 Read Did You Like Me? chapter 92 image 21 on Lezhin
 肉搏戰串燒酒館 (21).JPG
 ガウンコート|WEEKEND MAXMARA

§ §

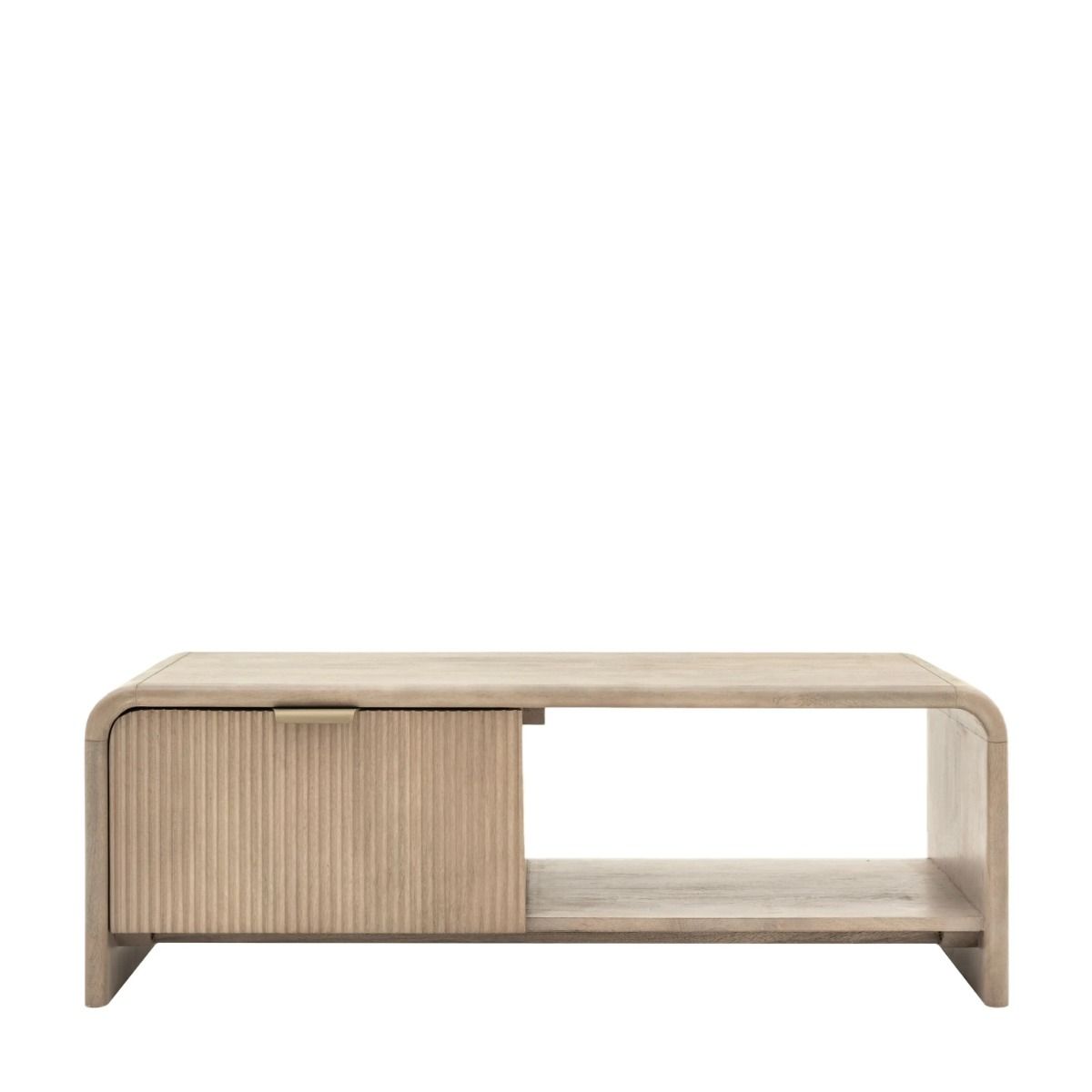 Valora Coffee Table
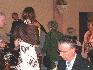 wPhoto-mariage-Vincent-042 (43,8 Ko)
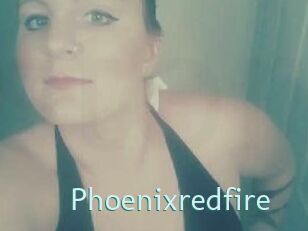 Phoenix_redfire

§ §

* [DESCRIPTION OF THE TASK] With pictures omitted, repeat the entries above word for word from the line holding "wPhoto-mariage-Vincent-042 (43,8 Ko)" down to the line holding "Phoenix_redfire", keeping both of those lines.

* [ANSWER]
 wPhoto-mariage-Vincent-042 (43,8 Ko)
 Phoenix_redfire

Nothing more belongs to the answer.